Euros say surveillance of terrorist financing illegal
The Belgian banking consortium Swift breached European privacy rules when it aided a United States antiterrorism program by providing confidential information about money transfers, Belgium’s privacy protection commission concluded Thursday.The Euros and the NY Times put terrorist rights ahead of US and European security in stopping the financing of terrorist operations. This is another to gift to the terrorist who want to chop off the heads of the journalist and the Eurocrats who are making it tougher for us to stop them. The disclosure of this program not only aids the terrorist, it makes it more difficult to get cooperation in fighting them. That seems to be of no consequence to the Times, but it should be to every American.

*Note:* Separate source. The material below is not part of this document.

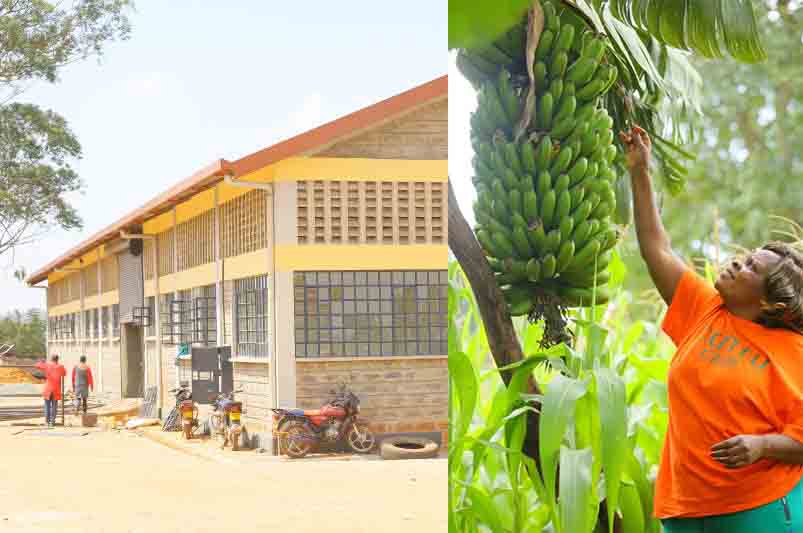 Kisii serves up more than just ‘matoke’ in rise as financial hub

“It has to be seen as a gross miscalculation by Swift that it has, for years, secretly and systematically transferred massive amounts of personal data for surveillance without effective and clear legal basis and independent controls in line with Belgian and European law,” the report said.

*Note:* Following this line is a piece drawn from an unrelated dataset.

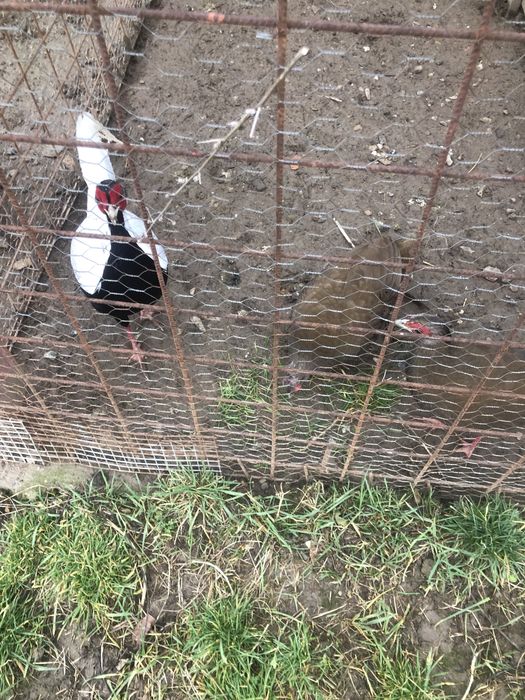 Fazani argintii de vanzare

Swift, or the Society for Worldwide Interbank Financial Telecommunications, has come under scrutiny for participating in a Bush administration program that allows analysts from the Central Intelligence Agency and officials from other United States agencies to search for possible terrorist financing activity among the millions of confidential financial transactions it oversees.
The Bush administration has defended the once-secret program, which began after the Sept. 11, 2001, attacks in the United States. But critics in Europe argue that it has placed American security interests ahead of European civil liberties.